# Idea for tuning plate



## the colonel1 (Jul 9, 2013)

I've seen several other threads about tuning plates but no one has mentioned what I'm thinking of trying. I have some perforated sheet metal that has 1/8" holes in it. has anyone tries using perforated steel before? I know a lot of people use cookie sheets and either drill holes or poke holes. Any thoughts on my idea?


----------



## fwismoker (Jul 9, 2013)

Sorry you didn't reinvent the wheel on this one.   Lot's of folks use steel sheets with smaller holes towards the FB and bigger holes towrd the exhaust.   

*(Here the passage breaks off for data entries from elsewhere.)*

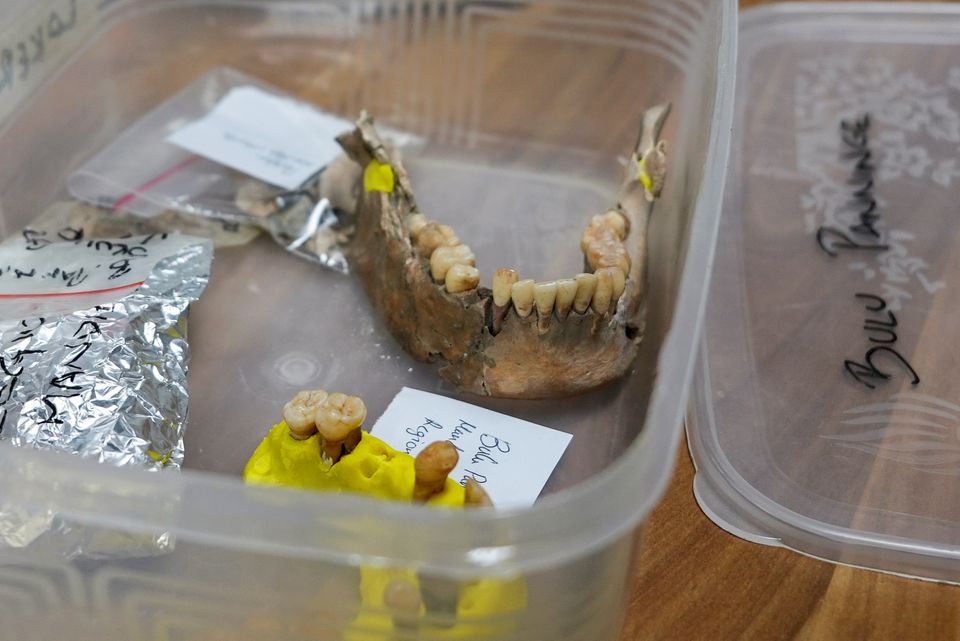 Parts of Besse's ancient skeleton that was unearthed from Leang Paningge cave are pictured inside a box at the archaeological laboratory of Hasanuddin University in Makassar, South Sulawesi province, Indonesia, September 18, 2021. Photo: Reuters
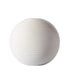 Elegant Ceramic Vase Collection: Elevate Your Space with Timeless Style
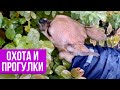 Чихуахуа: суровая европейская осень, охота, прогулки, сладкий сон Chihuahua #AmyDog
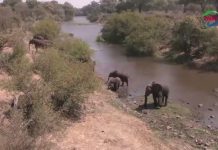 Livingstone Roads Upgrade to Start Next Year Livingstone Roads Upgrade to Start Next Year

If your sheet metal has only 1/8 holes then you can gradually drill them out bigger going to the exhaust side.


----------



## frosty (Jul 9, 2013)

Widening the holes will work fine.  I have a buddy that has lots of old saw blades that he uses.  Use what you got, and smoke away!!

Good luck!!


----------



## the colonel1 (Jul 9, 2013)

Never intended to insinuate that I re-invented the wheel, just saying I've not heard of anyone else using commercial made perforated steel plate for their tuning plate. So trying to decide if good idea or bad idea. I have seen where lots of people have used cookie sheets and either drilled or punched holes in it. I wish I could figure out how to post a picture on here of the sheet... The way it's made is rows upon rows of 1/8" holes which would make drilling challenging.


----------



## daveomak (Jul 9, 2013)

The Colonel1 said:


> Never intended to insinuate that I re-invented the wheel, just saying I've not heard of anyone else using commercial made perforated steel plate for their tuning plate. So trying to decide if good idea or bad idea. I have seen where lots of people have used cookie sheets and either drilled or punched holes in it. I wish I could figure out how to post a picture on here of the sheet... The way it's made is rows upon rows of 1/8" holes which would make drilling challenging.

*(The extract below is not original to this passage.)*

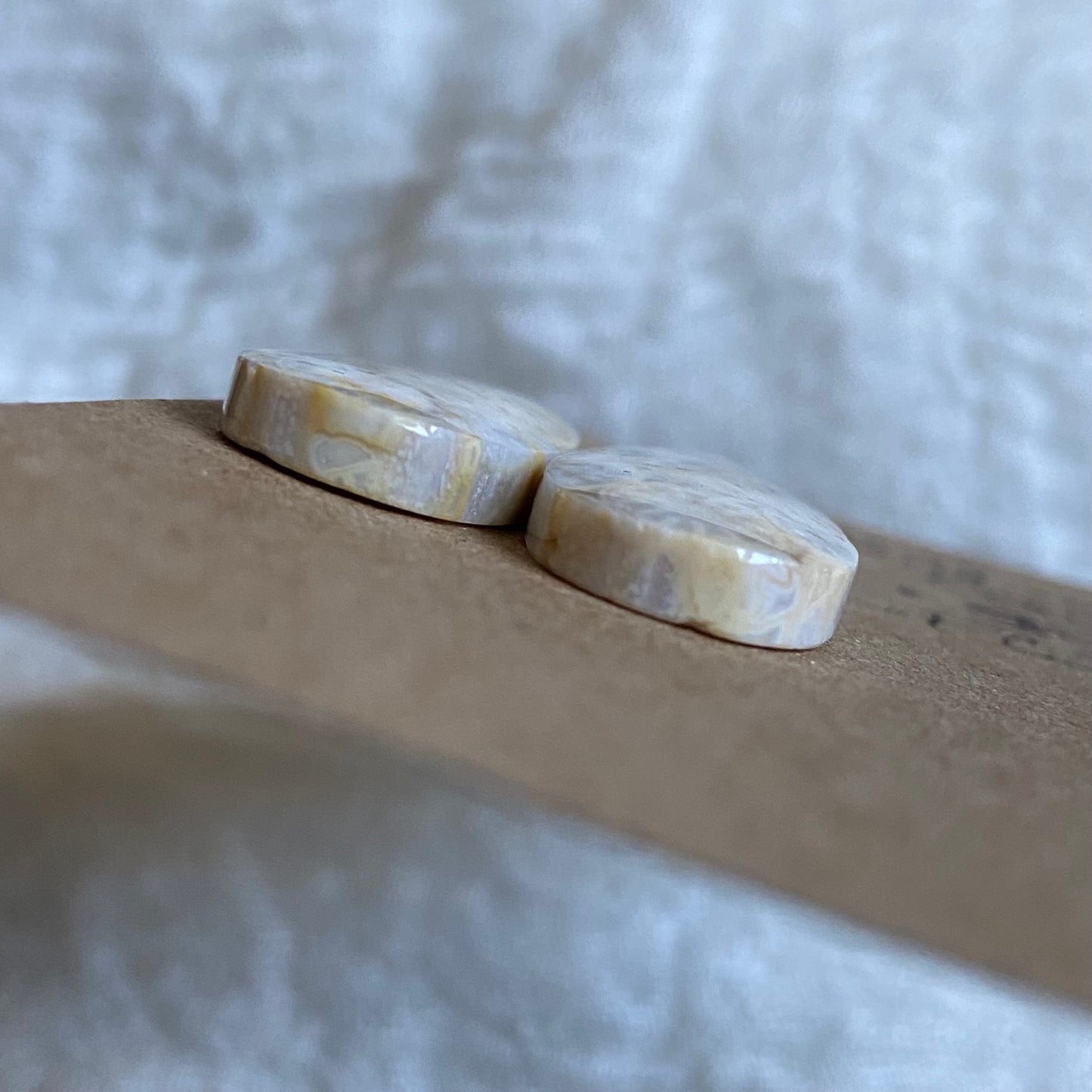 Fossil Coral Cabochon - FC39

That will work......   use a step drill to make some of the holes larger as you move away from the firebox...  Dave


----------



## the colonel1 (Jul 12, 2013)

So just an update I made a baffle and used the perforated metal for a tuning plate and I must say it worked GREAT! smoke ran the length of the smoker and there was lots of it. So I'm pleased with how it turned out


----------



## veryolddog (Jul 12, 2013)

Here is something similar to what you are speaking about.













2013-06-23 11.23.11.jpg



__ veryolddog
__ Jul 12, 2013


















2013-06-23 11.23.31.jpg



__ veryolddog
__ Jul 12, 2013


















2013-06-23 11.23.37.jpg



__ veryolddog
__ Jul 12, 2013






I recently purchased this offset smoker from Yoder. It is the smallest they make and its called the Cheyenne Model. This plate is referred to as the Heat Management Plate and it is an add on option. It starts out with small holes nearest the baffle and the wholes become progressively larger as the plate moves in the direction of the chimney stack. This is 1/4 inch thick steel plate.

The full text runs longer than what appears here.